Saturday, December 19, 2020

A diatribe on YouSick

 

Today’s complaint is about psychology for the video genera­tion. I’ve glanced around youtube and noticed that there are sixteen million videos on Narcissistic Person­ality Disorder, twenty-three million on trauma, ninety-one trillion on Border­line Personality Disorder, forty-four million on Asperger’s (“autism spectrum”). Plenty on Deperson­alization / Dereali­zation Disorder, Schizoid Person­ality, eating disorders, phobias. Dr. Grande produces a shallow “scientifically-based” video every six minutes on any neurotic who’s made the head­lines. And let’s not forget the nine-hundred-thirty-one quad­rillion lectures on depres­sion. There are many TED Talks on anxiety, each of which solves that problem in a unique, cool way. So many people, amateurs and profes­sionals, who know a lot about these exciting, simple-to-understand, -identify and -treat psycho­log­ical dysfunc­tions! Bessel van der Kolk: Heal trauma with yoga!

The mental landscape of America would be a better place if all of these psycho­mercials were burned, with their mildly toxic ashes drifting into the Prevailing Westerlies. How many sub­species of Narcissists are there, Sam Vaknin? Dozens more than last week?

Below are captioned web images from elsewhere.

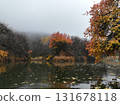 Autumn forest lake reflected in calm foggy water, Kazakhstan 131678118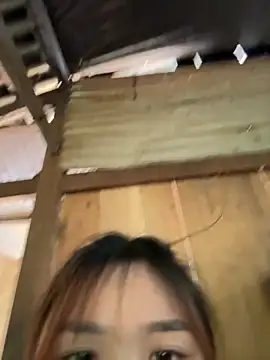 Spring-spring online show from 11/24/25, 05:40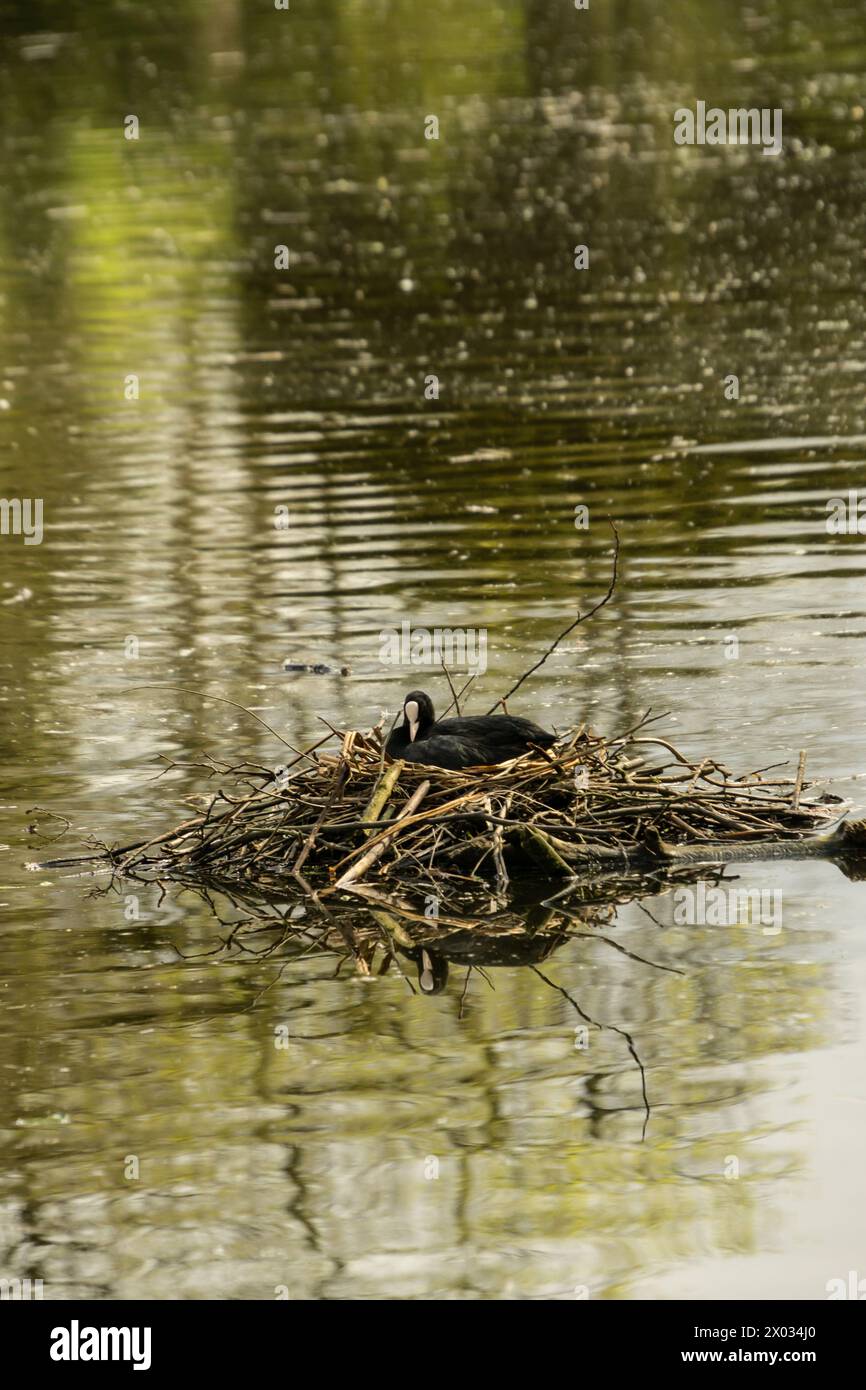 In seinem Nest ruht in der Mitte des Teichs bei Chiswick House and Gardens, West London Stockfoto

Why have we dumbed down and popularized psychology, turned it into a lemming march of Baby Hueys loosed on the world? Why has what should be major surgery become “self-help”? Why do the most abstruse quiddities of human life and psyche turn into memes, bill­board disorders, brain candy, hit-worthy tiktoks?

I have seen one benefit recently. This was a unique situation. A young man came to the first session because of his observation, over time, that people were offended by him. His girl­friend was acutely bothered. He went to youtube and watched videos – “a hundred of them” – on Narcis­sistic Person­ality Disorder. Did he really have it? he wondered. I listened to his poig­nant description of his feelings and behaviors and found it to be true. He cried.

Generally, though, I would like people to avoid these videos that turn them into containers of disorders, into labels. There are only the rare few that look at the origins, the seat of psycho­logical problems, and none that give a feeling of a person’s complex­ity, her richness. A short interview on anxiety by Gabor Maté did approach this. Maté pointed out, validly, that anxiety’s roots are in child­hood, but then directed people to heal their anxiety by looking back at, respecting their inner child. No. Address it by becom­ing your child, regressing, reliving, getting those old, very young, killing splinters out of you. You can’t heal the past by sitting on your adult perch and thinking about it with compassion.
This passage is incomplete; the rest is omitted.